In Wahrheit ist der Orden erst 1800, und zwar nicht unter Römern, sondern zu Manchester in England, desgleichen nicht von Soldaten, sondern von friedsamen Kaufleuten gegründet worden, die wahrscheinlich Langeweile hatten. Von dort wurde er 1812 nach Baltimore verpflanzt, und seitdem ist er in Amerika dermaßen gewachsen, daß er – wenn das New-Yorker Blatt, aus dem ich diese Notiz schöpfe, nicht den Mund zu voll nimmt, was es leider zu oft thut – 1852 innerhalb der Vereinigten Staaten einunddreißig „Großlager“ und circa zweitausendfünfhundert „Lager“ mit nahe an zweihunderttausend Mitgliedern zählte. Die jährlichen Einnahmen wurden – immer, wenn es wahr ist – auf fünf Viertel Millionen Dollars veranschlagt und sollten vorzugsweise in die Begräbniß- und Wittwencassen des Ordens fließen. Schließlich sage ich vielleicht nichts Neues, wenn ich hinzufüge, daß seit drei oder vier Jahren, wie die Weisheit der Druiden, so auch die der „närrischen Kerle“ im deutschen Reiche Pflegstätten gefunden hat. In Berlin blühen deren bereits ein halbes Dutzend, in Hannover zwei. Wo sonst noch? Und sollte Leipzig, sollte Klein-Paris, das „seine Leute bildet“, hier zurückgeblieben sein?

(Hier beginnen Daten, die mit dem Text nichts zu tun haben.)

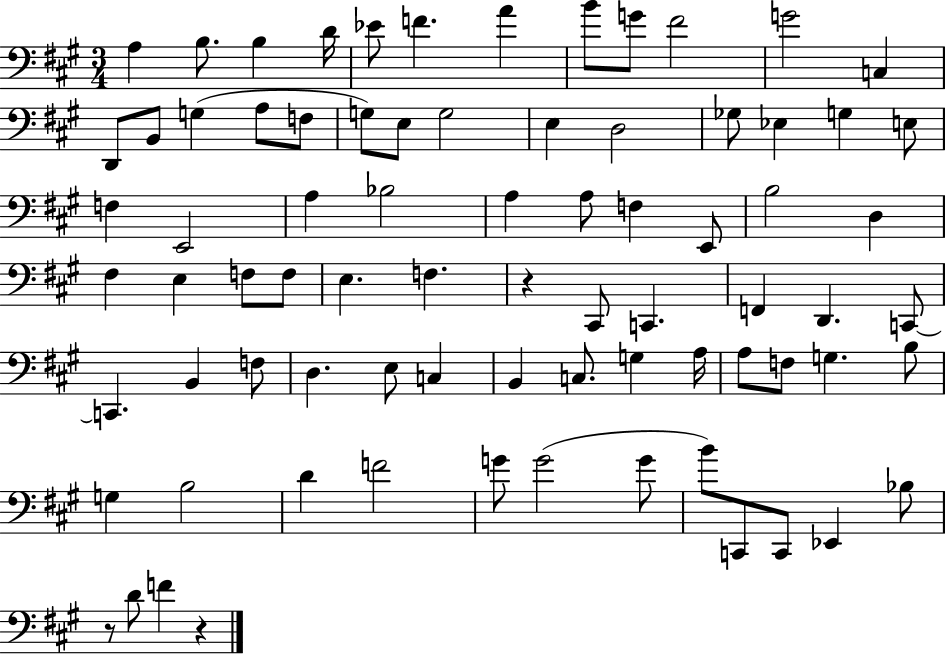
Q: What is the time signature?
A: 3/4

Viel weniger harmlos als die zuletzt geschilderten Geheimbünde war ein anderer, der zu Ende der vierziger oder zu Anfang der fünfziger Jahre in New-Orleans entstand, sich von da rasch über alle größeren Städte des Südens verbreitete und bald auch in New-York sowie in den Yankeestaaten Logen oder wenigstens Mitglieder hatte. Ich meine den Orden vom „Einsamen Stern“Lone Star – der den Zweck verfolgte, Mittel und Mannschaften zur Gewinnung weiterer Gebiete für die Union zu schaffen, in denen sich die Sclavenwirthschaft mit Nutzen betreiben ließ, und damit die Macht und den Einfluß der Südstaaten im Congresse und der Centralregierung zu erhalten und zu mehren.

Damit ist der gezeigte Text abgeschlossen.